Trying to leave the house with children - what  a saga!

Have you got kids? Have you ever tried leaving the house with them?  Every parent out there will know exactly what I am talking about when I say that this has to be one of the most painstaking tasks you will have to endure with your children. Yes, this is the one that will test your mental strength and stamina to the max.

You may have run marathons in the past. You might have completed triathlons. You might even have climbed the odd mountain or two, achieving levels of such physical strength and endurance that only an Olympian could match. 

But let me ask you this – have you ever tried getting a four year old to put her shoes on?

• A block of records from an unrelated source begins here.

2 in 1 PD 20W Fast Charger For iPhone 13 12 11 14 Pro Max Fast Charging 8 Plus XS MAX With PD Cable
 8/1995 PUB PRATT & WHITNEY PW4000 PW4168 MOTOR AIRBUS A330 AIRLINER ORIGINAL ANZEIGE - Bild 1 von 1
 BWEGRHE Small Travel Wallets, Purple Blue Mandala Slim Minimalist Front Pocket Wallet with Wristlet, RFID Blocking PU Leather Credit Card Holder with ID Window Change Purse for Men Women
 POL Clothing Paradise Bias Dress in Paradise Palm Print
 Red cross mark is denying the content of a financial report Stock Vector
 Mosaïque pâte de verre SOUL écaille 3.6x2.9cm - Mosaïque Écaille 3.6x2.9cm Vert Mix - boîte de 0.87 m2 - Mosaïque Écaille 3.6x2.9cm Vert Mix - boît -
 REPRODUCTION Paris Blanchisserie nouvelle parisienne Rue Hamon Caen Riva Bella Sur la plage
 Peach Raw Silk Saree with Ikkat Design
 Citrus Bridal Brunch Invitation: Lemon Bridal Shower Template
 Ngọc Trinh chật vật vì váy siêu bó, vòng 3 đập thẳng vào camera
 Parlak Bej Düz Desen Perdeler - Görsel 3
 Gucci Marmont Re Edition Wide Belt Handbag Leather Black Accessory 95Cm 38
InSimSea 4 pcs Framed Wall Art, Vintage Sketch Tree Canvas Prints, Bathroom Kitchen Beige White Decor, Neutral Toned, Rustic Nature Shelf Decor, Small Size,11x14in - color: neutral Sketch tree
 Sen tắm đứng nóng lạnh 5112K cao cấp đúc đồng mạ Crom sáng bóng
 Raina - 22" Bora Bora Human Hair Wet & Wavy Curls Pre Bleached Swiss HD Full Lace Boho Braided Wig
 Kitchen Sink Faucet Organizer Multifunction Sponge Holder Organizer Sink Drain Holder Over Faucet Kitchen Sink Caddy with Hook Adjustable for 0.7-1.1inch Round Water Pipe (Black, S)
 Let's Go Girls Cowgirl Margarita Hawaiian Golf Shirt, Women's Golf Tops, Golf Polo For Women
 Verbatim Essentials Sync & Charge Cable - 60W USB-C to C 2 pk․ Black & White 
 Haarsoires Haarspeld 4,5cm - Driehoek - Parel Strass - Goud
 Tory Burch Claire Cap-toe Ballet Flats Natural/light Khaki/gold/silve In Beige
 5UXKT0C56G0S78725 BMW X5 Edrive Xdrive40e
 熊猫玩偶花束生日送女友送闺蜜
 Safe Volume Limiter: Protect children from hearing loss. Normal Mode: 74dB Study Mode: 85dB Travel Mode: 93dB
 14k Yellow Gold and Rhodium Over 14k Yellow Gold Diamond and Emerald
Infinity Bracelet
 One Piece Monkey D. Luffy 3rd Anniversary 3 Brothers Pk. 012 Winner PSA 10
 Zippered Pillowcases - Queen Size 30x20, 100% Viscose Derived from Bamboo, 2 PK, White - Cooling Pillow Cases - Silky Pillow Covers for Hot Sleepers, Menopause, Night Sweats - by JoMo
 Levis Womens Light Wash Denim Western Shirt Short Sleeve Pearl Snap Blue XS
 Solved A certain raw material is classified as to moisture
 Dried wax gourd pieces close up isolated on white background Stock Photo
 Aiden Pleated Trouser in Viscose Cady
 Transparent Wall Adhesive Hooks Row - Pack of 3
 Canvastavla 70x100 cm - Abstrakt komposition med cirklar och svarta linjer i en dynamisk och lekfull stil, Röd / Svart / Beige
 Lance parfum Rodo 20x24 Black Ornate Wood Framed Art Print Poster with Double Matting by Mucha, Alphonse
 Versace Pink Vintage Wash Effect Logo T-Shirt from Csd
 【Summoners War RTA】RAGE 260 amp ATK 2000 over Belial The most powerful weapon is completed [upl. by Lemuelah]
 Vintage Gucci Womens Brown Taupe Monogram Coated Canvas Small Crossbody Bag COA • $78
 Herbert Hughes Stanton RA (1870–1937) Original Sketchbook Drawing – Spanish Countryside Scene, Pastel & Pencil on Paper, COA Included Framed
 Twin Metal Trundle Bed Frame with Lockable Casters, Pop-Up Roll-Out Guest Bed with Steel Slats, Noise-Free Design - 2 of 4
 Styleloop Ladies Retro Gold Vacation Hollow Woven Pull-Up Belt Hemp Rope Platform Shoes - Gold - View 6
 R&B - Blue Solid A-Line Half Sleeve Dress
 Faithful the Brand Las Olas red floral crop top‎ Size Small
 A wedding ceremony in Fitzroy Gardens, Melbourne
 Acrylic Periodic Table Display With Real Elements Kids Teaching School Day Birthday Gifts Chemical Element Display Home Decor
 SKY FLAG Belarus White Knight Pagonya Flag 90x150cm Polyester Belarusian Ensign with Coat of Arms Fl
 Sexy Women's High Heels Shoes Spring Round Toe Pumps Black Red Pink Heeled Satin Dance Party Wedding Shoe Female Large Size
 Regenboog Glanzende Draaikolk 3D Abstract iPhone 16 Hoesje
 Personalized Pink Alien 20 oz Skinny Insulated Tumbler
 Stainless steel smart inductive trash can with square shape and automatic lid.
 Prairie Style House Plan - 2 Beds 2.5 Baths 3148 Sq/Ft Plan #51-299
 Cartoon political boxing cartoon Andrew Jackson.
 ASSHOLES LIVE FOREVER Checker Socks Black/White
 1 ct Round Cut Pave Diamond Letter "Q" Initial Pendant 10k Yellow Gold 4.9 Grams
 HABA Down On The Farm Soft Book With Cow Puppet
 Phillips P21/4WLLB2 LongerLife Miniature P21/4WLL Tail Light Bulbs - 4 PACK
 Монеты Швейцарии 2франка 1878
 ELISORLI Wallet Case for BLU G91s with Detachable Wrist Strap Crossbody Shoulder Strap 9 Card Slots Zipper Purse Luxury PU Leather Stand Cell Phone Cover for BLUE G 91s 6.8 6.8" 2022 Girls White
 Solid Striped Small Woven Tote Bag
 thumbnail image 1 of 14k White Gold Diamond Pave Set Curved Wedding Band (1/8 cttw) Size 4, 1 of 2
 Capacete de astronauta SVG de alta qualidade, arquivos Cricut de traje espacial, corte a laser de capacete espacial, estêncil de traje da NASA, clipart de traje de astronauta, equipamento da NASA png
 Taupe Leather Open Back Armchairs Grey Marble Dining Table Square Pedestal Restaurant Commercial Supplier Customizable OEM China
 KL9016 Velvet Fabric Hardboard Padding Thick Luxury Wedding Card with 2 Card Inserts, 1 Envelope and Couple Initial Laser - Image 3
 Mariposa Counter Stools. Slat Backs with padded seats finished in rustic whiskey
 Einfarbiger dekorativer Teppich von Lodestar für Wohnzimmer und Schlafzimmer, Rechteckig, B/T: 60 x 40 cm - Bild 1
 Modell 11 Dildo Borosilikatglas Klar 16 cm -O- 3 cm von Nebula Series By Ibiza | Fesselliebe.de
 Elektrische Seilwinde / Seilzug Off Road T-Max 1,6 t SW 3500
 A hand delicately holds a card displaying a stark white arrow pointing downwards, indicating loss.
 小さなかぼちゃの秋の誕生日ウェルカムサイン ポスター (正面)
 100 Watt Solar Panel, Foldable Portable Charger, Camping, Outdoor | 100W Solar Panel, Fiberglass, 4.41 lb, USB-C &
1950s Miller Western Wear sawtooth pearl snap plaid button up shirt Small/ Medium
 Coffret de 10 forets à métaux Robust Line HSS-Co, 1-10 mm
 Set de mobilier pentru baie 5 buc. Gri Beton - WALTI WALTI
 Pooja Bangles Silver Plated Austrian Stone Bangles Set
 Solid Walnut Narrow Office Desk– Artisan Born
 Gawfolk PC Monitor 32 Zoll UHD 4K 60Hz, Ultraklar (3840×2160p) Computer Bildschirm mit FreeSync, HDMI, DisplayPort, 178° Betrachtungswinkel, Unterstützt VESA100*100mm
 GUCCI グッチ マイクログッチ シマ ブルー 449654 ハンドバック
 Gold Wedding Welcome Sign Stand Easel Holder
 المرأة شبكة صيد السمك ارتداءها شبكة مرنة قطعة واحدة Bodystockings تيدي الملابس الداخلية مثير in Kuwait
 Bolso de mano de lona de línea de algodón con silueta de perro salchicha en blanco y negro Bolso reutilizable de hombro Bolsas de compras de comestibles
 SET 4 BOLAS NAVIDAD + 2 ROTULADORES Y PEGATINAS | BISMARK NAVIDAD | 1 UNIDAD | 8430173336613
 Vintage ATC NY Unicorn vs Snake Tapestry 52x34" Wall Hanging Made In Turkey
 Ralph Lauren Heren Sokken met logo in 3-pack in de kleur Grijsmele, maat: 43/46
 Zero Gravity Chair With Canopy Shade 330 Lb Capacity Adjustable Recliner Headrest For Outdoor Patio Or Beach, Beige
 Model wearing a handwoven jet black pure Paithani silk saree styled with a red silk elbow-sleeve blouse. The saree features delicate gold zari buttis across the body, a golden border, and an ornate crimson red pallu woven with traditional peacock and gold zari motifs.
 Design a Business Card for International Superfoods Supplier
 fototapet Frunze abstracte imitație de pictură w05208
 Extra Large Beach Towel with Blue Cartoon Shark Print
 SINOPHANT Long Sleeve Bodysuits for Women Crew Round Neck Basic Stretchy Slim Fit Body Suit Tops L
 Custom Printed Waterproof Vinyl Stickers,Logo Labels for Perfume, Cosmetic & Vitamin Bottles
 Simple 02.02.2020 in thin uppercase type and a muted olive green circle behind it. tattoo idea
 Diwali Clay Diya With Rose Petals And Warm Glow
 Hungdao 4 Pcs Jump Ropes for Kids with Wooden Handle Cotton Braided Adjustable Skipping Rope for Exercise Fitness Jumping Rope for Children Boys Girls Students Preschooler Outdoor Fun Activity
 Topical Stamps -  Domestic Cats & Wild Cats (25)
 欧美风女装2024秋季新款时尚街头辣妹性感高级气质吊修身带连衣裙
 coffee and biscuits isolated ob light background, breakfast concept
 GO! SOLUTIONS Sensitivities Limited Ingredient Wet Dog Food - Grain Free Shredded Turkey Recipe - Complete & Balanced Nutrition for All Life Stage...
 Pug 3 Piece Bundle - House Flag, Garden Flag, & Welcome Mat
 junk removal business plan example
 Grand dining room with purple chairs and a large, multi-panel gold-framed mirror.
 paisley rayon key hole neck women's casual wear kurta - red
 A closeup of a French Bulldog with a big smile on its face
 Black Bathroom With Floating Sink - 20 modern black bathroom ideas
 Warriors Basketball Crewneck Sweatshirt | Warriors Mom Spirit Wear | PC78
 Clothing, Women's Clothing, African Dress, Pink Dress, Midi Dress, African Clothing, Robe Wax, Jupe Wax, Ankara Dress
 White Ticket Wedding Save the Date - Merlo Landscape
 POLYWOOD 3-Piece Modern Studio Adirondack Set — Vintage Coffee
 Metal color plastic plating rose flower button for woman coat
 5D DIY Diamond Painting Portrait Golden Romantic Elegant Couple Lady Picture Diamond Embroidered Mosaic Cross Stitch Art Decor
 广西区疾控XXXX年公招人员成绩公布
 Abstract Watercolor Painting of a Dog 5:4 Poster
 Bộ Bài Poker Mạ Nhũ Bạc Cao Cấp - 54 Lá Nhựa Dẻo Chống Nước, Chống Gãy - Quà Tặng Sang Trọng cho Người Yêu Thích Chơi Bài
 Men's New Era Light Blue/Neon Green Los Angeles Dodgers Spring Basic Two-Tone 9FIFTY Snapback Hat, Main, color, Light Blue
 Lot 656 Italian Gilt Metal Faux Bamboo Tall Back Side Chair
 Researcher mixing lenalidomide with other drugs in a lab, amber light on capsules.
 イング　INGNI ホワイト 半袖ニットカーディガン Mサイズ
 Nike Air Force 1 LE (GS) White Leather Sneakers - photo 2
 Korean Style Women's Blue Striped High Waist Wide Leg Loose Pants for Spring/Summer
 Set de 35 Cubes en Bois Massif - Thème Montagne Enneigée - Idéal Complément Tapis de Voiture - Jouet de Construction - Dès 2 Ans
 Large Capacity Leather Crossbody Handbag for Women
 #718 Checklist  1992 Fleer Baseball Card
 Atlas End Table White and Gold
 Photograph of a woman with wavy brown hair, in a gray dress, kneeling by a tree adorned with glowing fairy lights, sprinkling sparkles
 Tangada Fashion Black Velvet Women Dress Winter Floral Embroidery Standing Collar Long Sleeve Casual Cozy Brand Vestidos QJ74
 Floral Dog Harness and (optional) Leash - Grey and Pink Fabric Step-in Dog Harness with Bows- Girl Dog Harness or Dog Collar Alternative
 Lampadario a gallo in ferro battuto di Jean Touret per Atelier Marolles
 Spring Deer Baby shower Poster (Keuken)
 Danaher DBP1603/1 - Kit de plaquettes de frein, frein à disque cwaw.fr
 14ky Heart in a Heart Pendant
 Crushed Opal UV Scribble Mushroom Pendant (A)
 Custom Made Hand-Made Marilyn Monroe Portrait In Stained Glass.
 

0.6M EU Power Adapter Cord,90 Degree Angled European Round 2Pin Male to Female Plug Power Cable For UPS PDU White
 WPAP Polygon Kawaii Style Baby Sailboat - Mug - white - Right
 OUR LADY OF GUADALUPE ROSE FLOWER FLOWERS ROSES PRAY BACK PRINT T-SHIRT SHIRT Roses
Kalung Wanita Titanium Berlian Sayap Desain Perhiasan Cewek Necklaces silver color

The Decision Has Been Made

Ok so you have made the monumental decision that you and your family are going out because (a) you have had enough of sitting inside the house and (b) a change of scenery would be good. You’re still having internal doubts though (“Oh will we just not bother??”) but you are going to stick with the decision you have made. Deep breathing ensues. That’s fine, you need to take deep breaths, after all you have just made a valiant decision in your life as a parent. The mental checklist begins.

The Checklist

Ok so what needs to be done? At this point the amount of children you have to get ready will determine the level of difficulty in the task ahead. In our case at the moment, it is pretty wild. We have a 6 year old, an almost 4 year old and eight month old twins. Need I say more?

So you start with the 6 and almost 4 year old and instruct them that we are going out so they need to get shoes and socks on and go to the toilet (this is crucial, the last thing you want is for one of them to turn to you ten minutes after leaving and tell you they need to go). You will now repeat these instructions to them about twenty times as they run around laughing and waving Barbie dolls in the air whilst you are trying to get the babies ready.

The main thing you have to remember with the babies is to change their nappies before leaving and make sure to pack that ever-important changing bag full of spare nappies, bottles (unless you’re breastfeeding), clothes and vests in case they decide to do one of those massive poos that go all up their front and back, which is often an inevitability when you take them on an outing.

So you have the changing bag packed, the babies are fed, dressed, nappies are changed and ready to go. At this stage your husband/partner is outside taking stuff out of the boot to make room for all the children whilst muttering under his breath and wrestling with car seats to make sure they are all strapped in safely.

You are now desperately pleading with the 6 and almost 4 year old to pleeease  put their shoes on and trying hard not to break down in tears out of pure frustration. But it’s ok because you’re nearly there. The back door is locked, all the windows are shut (I've checked) and everyone has a pair of shoes on their feet. They may not be on the right feet but who cares, we’re ready to go! Hurray!!

Everyone bungles into the car, seat belts are fastened, all set and ready to go when my husband turns to me and says “Actually can you hang on a minute, I need to go to the toilet…”

Was It Worth It?

It might be one of the most stressful things you go through as a parent, but overall yes it is worth it. As tempted as I am to stay in at times, it is always better to get out of the house, even if it's just for a walk and once we're out we always have a good time. They are actually nice people my little family. And despite the blood, sweat and tears that it takes to get us all out together, I really love spending time with them!

What Is The Moral Of The Story?

For me the moral of the story is do it. Try your best to ignore those inner doubts because once you do get over that giant hurdle that is getting everyone ready to leave, the end result is always worth it. It’s good to get out of the house, a change of scenery is always refreshing and spending time together is good for everyone. You might feel like you’ve aged ten years in the process but I guarantee you will not regret it.

 

My name is Tracey Carr and four years ago I stopped working to become a stay-at-home mum to my two little girls, something which has been a rollercoaster ride to say the least. My blog is a quest to try and re-discover myself as I journey through motherhood and to hopefully help redefine the whole concept of what we know a ‘housewife’ to be.